(Brief descriptive captions)
· · · ·

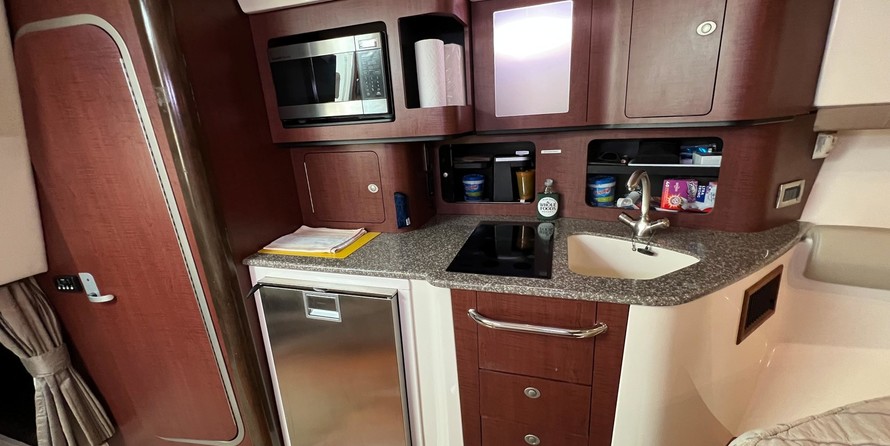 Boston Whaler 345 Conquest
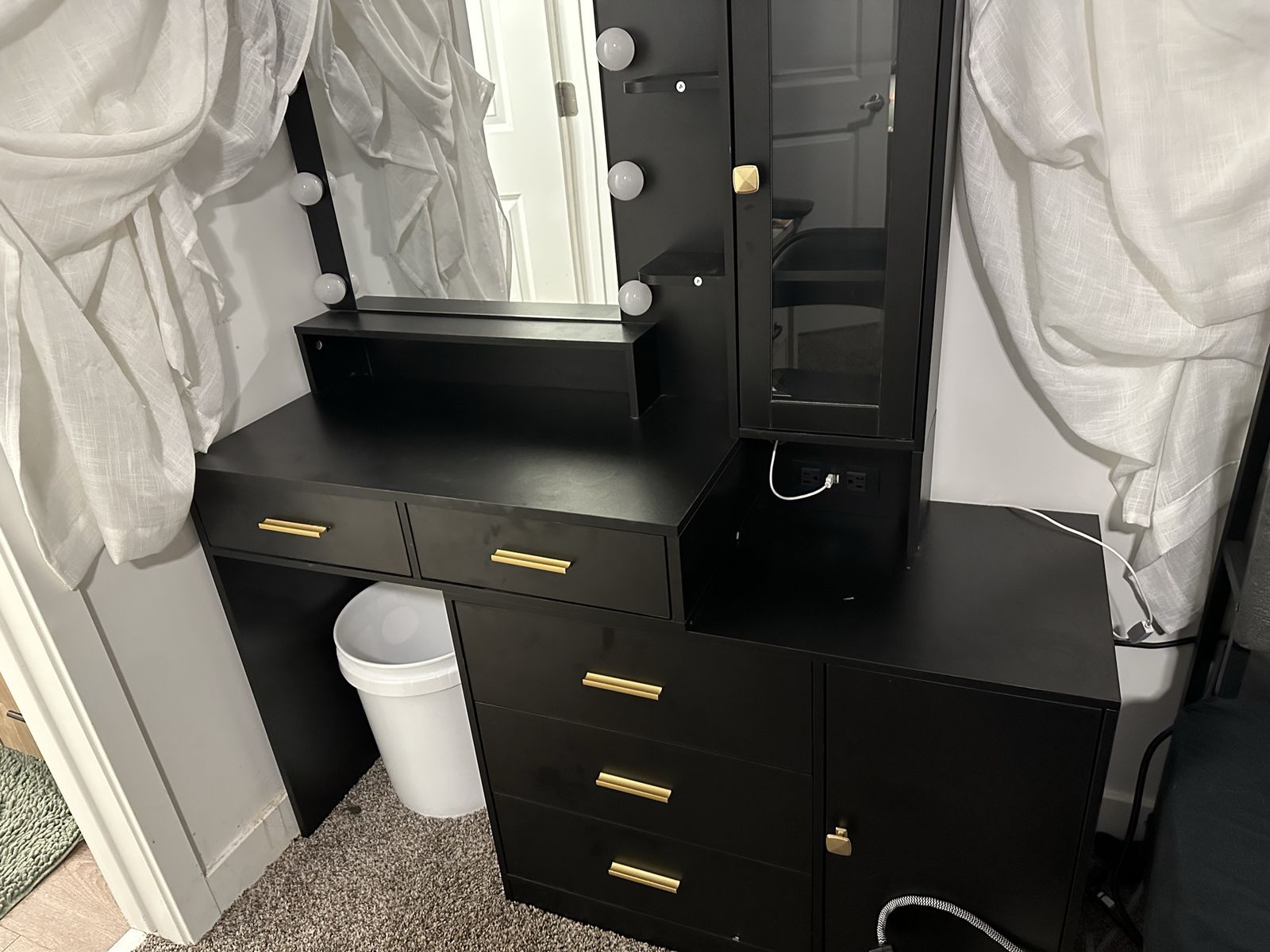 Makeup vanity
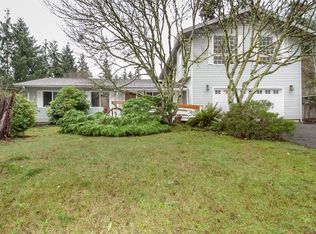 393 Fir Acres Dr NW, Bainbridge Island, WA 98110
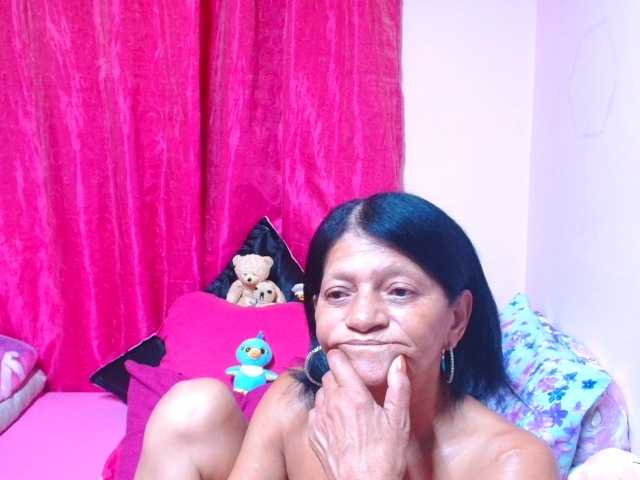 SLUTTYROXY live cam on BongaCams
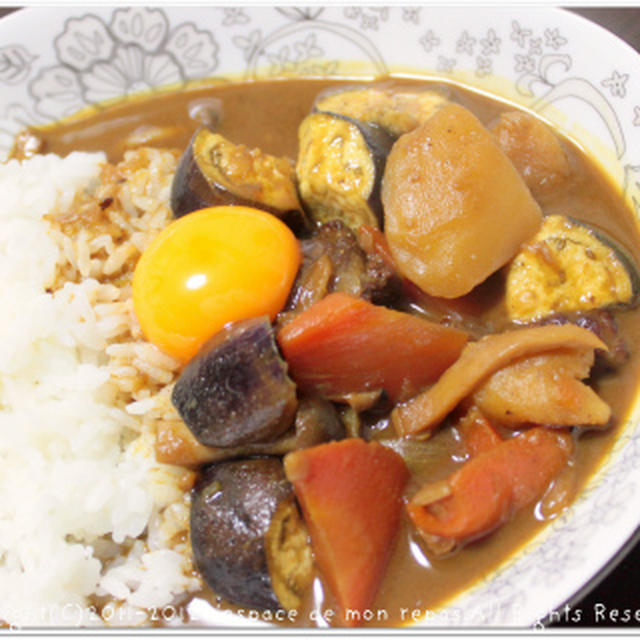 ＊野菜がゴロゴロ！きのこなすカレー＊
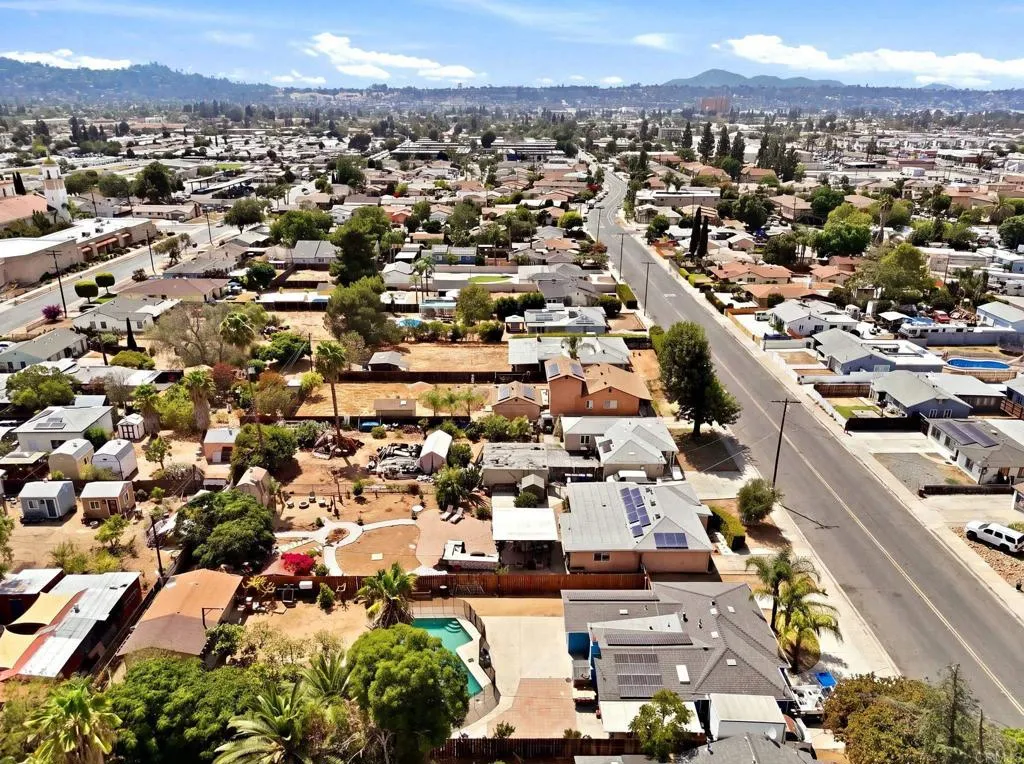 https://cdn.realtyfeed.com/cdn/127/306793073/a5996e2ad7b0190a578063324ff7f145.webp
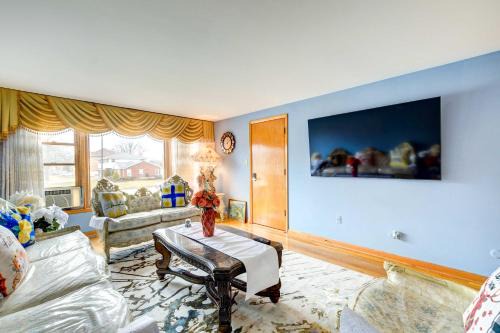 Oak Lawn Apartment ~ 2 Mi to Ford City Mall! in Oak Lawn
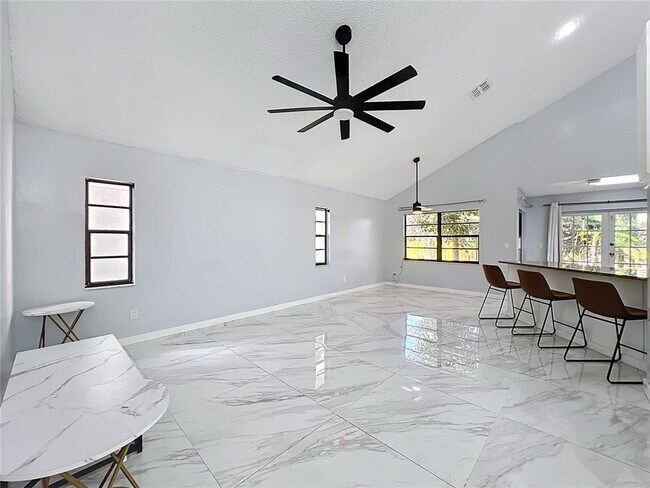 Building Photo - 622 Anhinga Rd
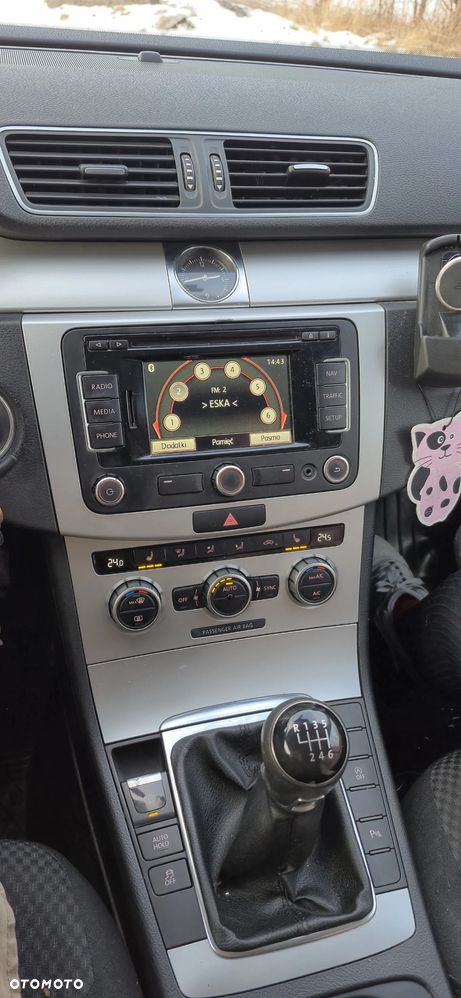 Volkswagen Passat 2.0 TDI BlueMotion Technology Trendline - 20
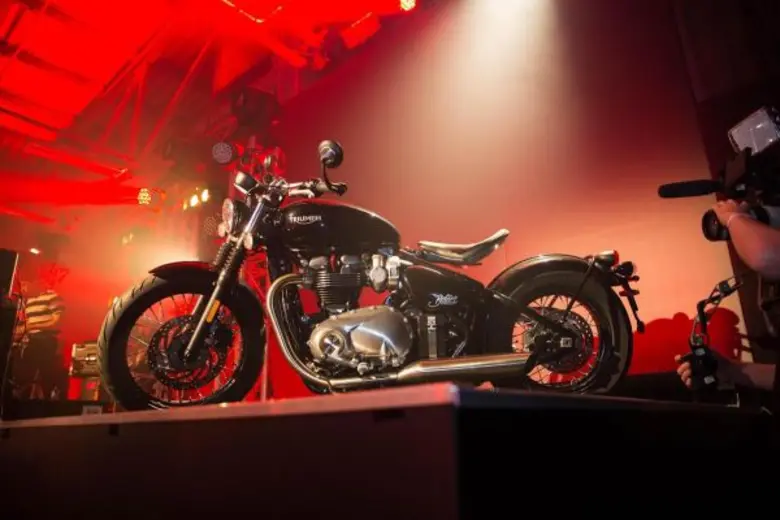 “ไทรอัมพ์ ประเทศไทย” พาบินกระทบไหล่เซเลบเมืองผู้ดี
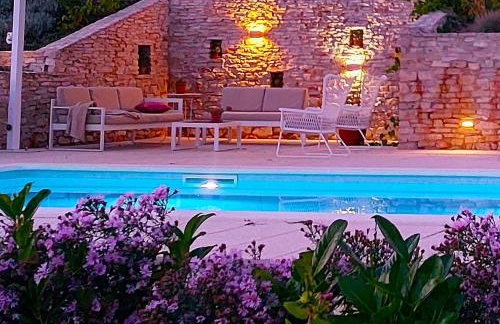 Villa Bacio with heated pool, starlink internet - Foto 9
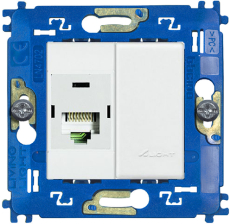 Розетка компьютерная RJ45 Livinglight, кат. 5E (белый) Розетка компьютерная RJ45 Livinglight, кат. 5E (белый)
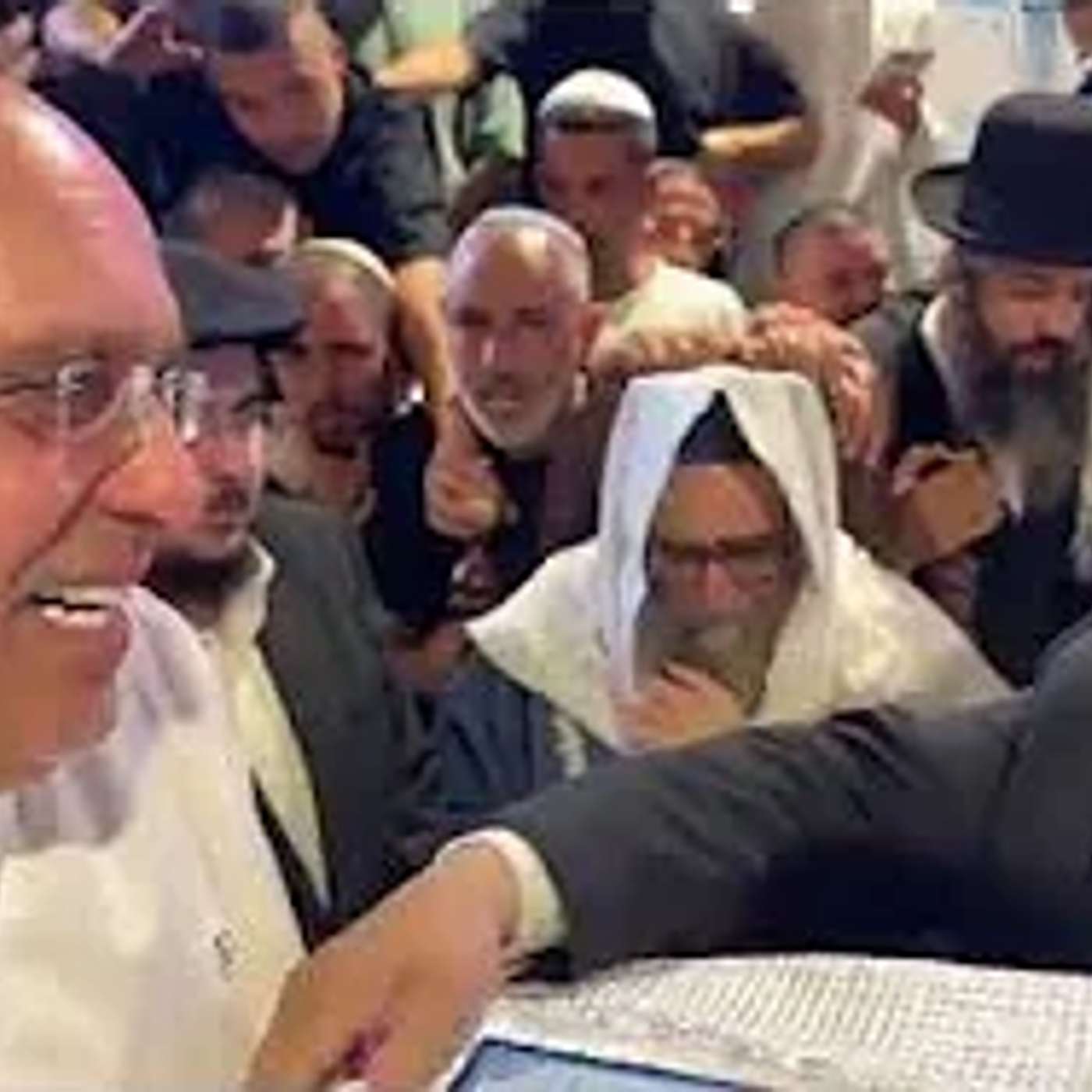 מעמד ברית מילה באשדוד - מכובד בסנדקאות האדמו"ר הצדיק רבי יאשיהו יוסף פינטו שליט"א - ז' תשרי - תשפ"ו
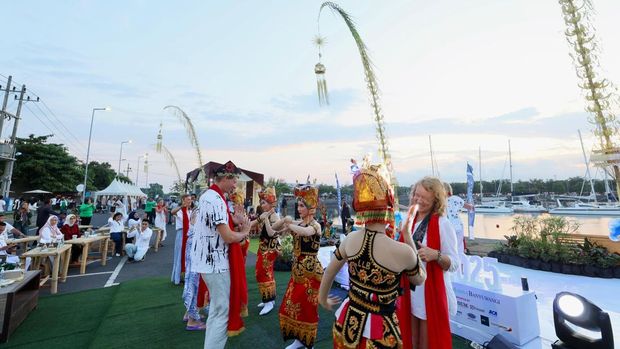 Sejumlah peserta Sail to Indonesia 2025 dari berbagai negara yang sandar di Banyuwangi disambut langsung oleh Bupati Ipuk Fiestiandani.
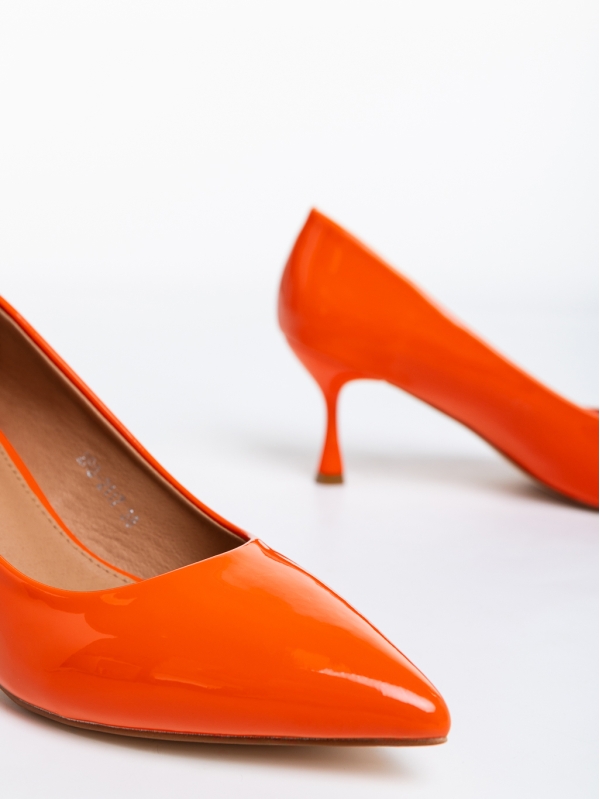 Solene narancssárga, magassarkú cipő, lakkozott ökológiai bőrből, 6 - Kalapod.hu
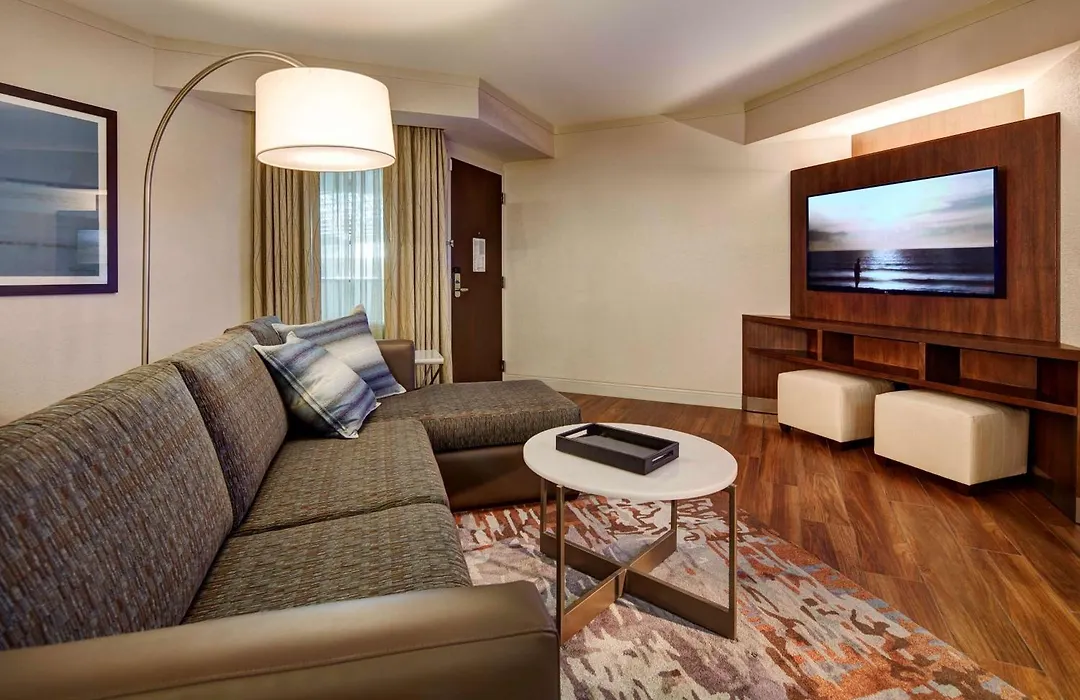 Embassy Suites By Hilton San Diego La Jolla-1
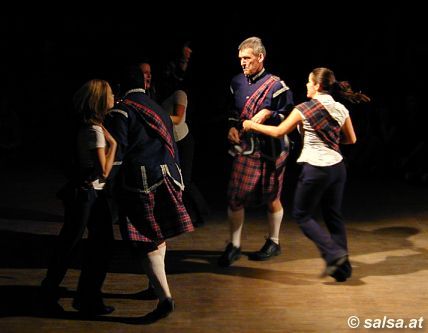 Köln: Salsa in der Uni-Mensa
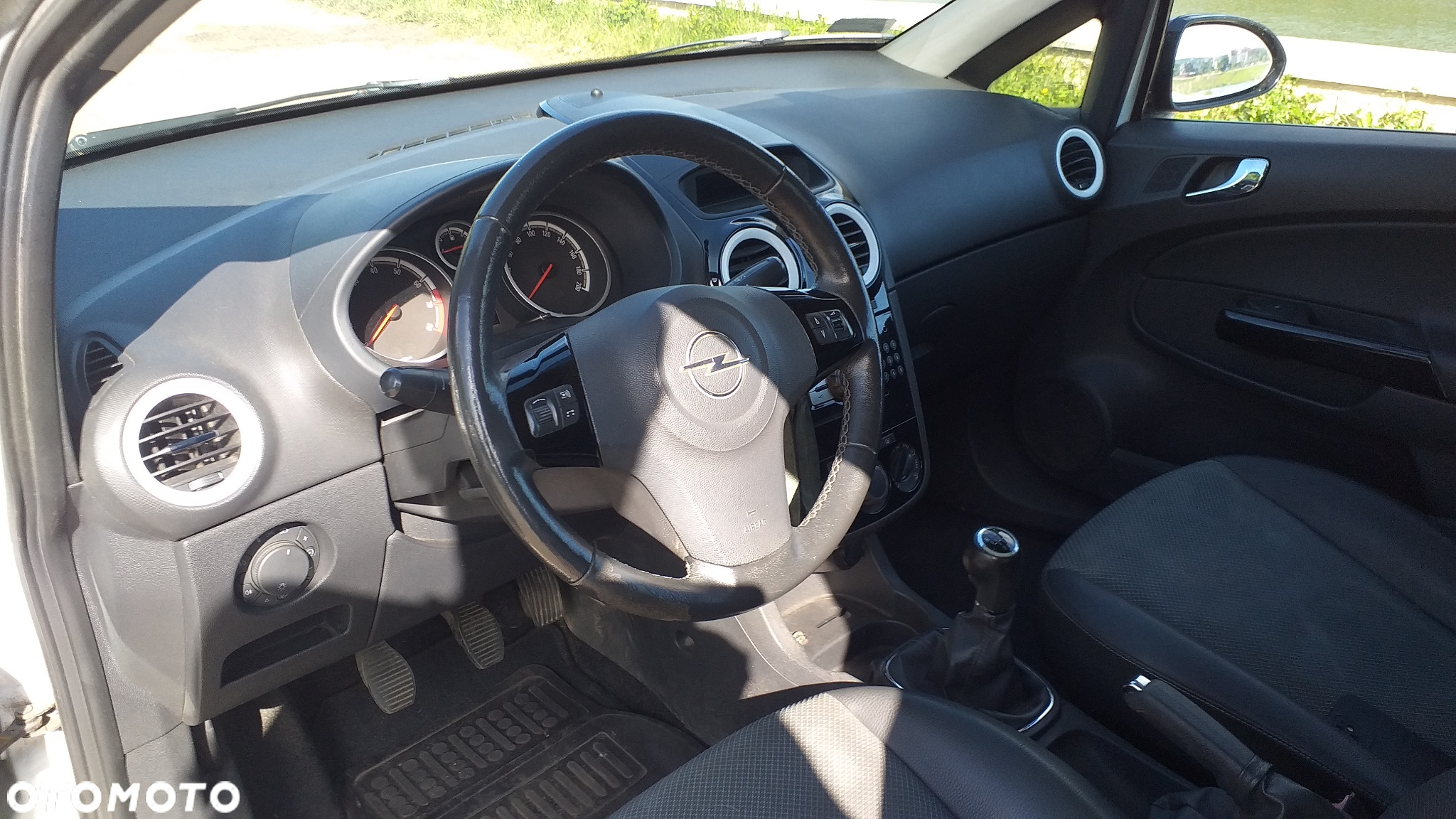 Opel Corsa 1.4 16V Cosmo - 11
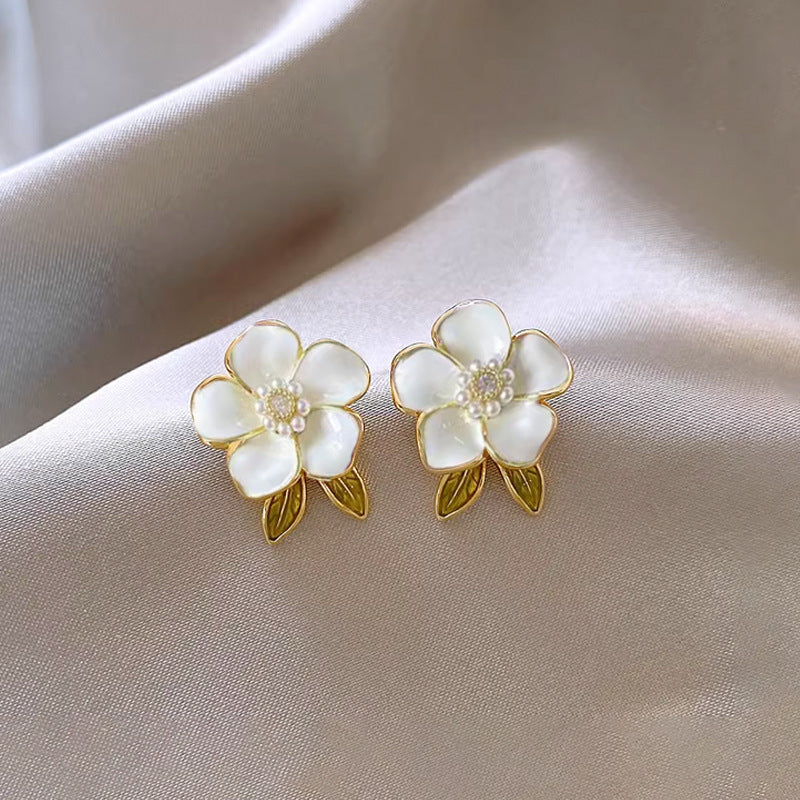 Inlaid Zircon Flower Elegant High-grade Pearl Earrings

· · · ·

• TO DO: Output every entry above verbatim, but leave out the pictures.

• ANSWER FOR THE TASK:
 Boston Whaler 345 Conquest
 Makeup vanity
 393 Fir Acres Dr NW, Bainbridge Island, WA 98110
 SLUTTYROXY live cam on BongaCams
 ＊野菜がゴロゴロ！きのこなすカレー＊
 https://cdn.realtyfeed.com/cdn/127/306793073/a5996e2ad7b0190a578063324ff7f145.webp
 Oak Lawn Apartment ~ 2 Mi to Ford City Mall! in Oak Lawn
 Building Photo - 622 Anhinga Rd
 Volkswagen Passat 2.0 TDI BlueMotion Technology Trendline - 20
 “ไทรอัมพ์ ประเทศไทย” พาบินกระทบไหล่เซเลบเมืองผู้ดี
 Villa Bacio with heated pool, starlink internet - Foto 9
 Розетка компьютерная RJ45 Livinglight, кат. 5E (белый) Розетка компьютерная RJ45 Livinglight, кат. 5E (белый)
 מעמד ברית מילה באשדוד - מכובד בסנדקאות האדמו"ר הצדיק רבי יאשיהו יוסף פינטו שליט"א - ז' תשרי - תשפ"ו
 Sejumlah peserta Sail to Indonesia 2025 dari berbagai negara yang sandar di Banyuwangi disambut langsung oleh Bupati Ipuk Fiestiandani.
 Solene narancssárga, magassarkú cipő, lakkozott ökológiai bőrből, 6 - Kalapod.hu
 Embassy Suites By Hilton San Diego La Jolla-1
 Köln: Salsa in der Uni-Mensa
 Opel Corsa 1.4 16V Cosmo - 11
 Inlaid Zircon Flower Elegant High-grade Pearl Earrings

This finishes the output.